Advanced IC Reverse Engineering Techniques: In Depth Analysis of a Modern Smart Card

Presented at Black Hat USA 2015, Aug. 6, 2015, 3:50 p.m. (50 minutes)

Hardware attacks are often overlooked since they are generally considered to be complex and resource intensive. However certain industries, such as pay TV, are plagued by piracy and hardware counterfeits. The threat of piracy was so great that pay TV manufacturers were forced to create extensive countermeasures to protect their smartcards in the field.

One of the most effective countermeasures is to implement parts or all of their proprietary algorithms in hardware. To analyze proprietary hardware implementations additional analysis techniques are necessary. It is no longer sufficient to follow individual signals on the chip. Instead, full extraction and analysis of the device's netlist is necessary.

This talk will focus on a case study of a widely-used pay TV smartcard. The card includes extensive custom hardware functions and has yet to be compromised after over 5 years in the field.

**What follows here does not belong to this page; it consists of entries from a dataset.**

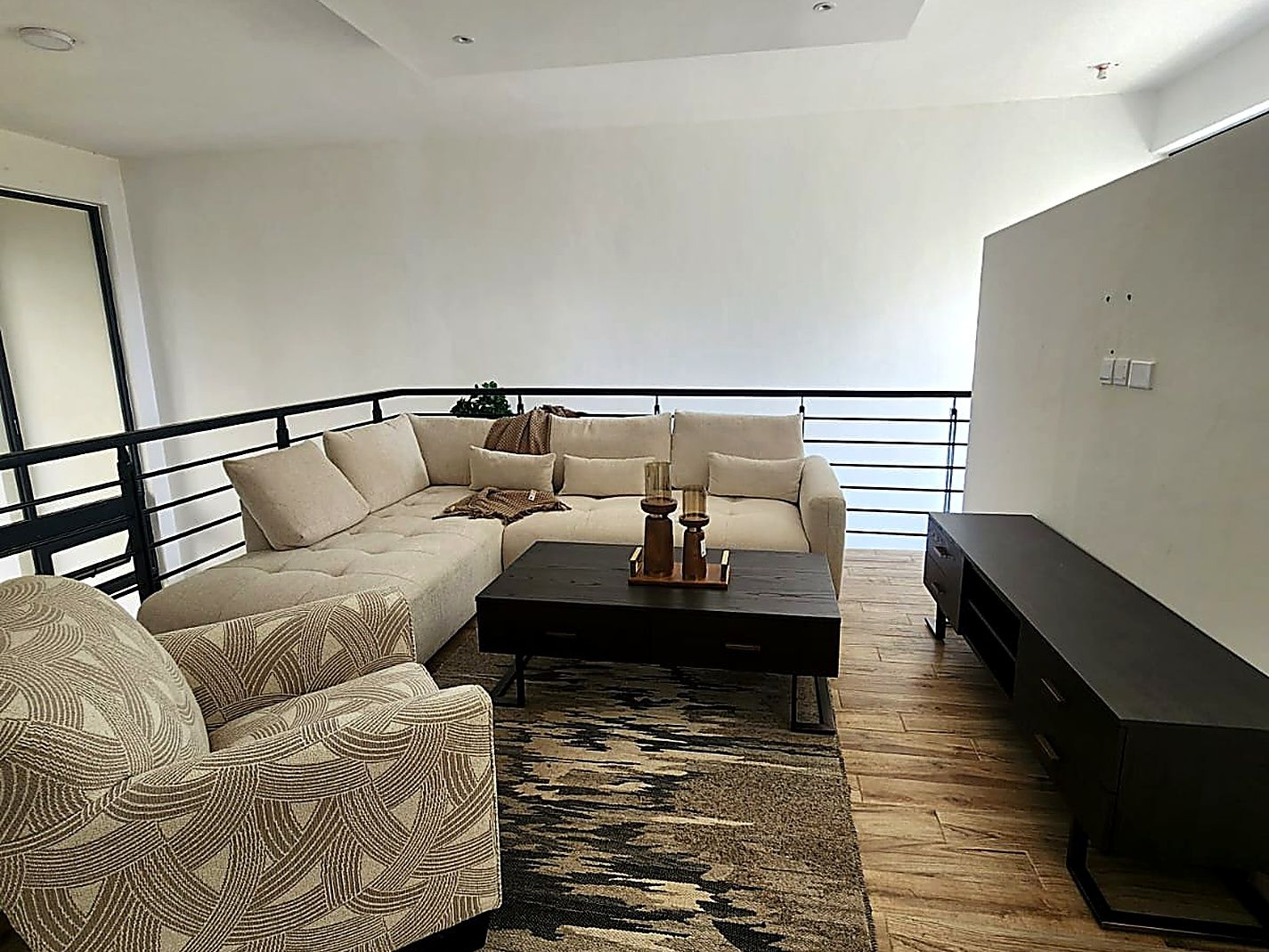 4-BEDROOM DUPLEX APARTMENT | RIVERSIDE Ground Floor | Private Garden | Exclusive Low-Density Development SPECIAL ONE-TIME OFFER: KSh 45,000,000
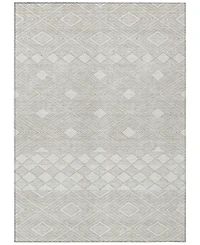 Addison Chantille Machine Washable ACN898 8'x10' Area Rug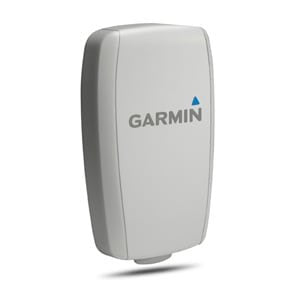 GARMIN 010-12199-00 PROTECTIVE COVER  ECHOMAP 4XDV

This talk will demonstrate the tools and techniques necessary for successfully performing the analysis of such a target. The research highlights the capabilities of advanced analysis techniques. Such techniques also make analysis significantly more efficient, reducing the time required for a study from many months to a few weeks.


Presenters:

  • Olivier Thomas - Texplained
    Olivier Thomas studied electrical engineering and subsequently worked for a major semiconductor manufacturer designing analog circuits. Subsequently, Olivier began to work in the field of Integrated Circuit (IC) security as the head of one of the worlds leading IC Analysis Labs. The lab primarily focused on securing future generation devices as well as developing countermeasures for current generation devices to combat piracy and counterfeiting. During this time, Olivier helped develop many new and novel techniques for semi-and fully-invasive IC analysis. He has an extensive background in all the Failure Analysis techniques and equipment necessary for accessing vulnerable logic on a target device. Combined with his experience as an IC design engineer, Olivier continues to develop techniques for automating the analysis process. These techniques are not only applicable to lower-complexity devices, such as smartcards, which are the traditional targets for IC analysis, but they are applicable to modern semiconductor devices with millions of gates, such as modern System-on-Chips (SoCs). Olivier is the author of ARES (Automated Reverse Engineering Software), a software toolchain for the efficient analysis of complex designs. He is the founder and head of hardware security at Texplained SARL.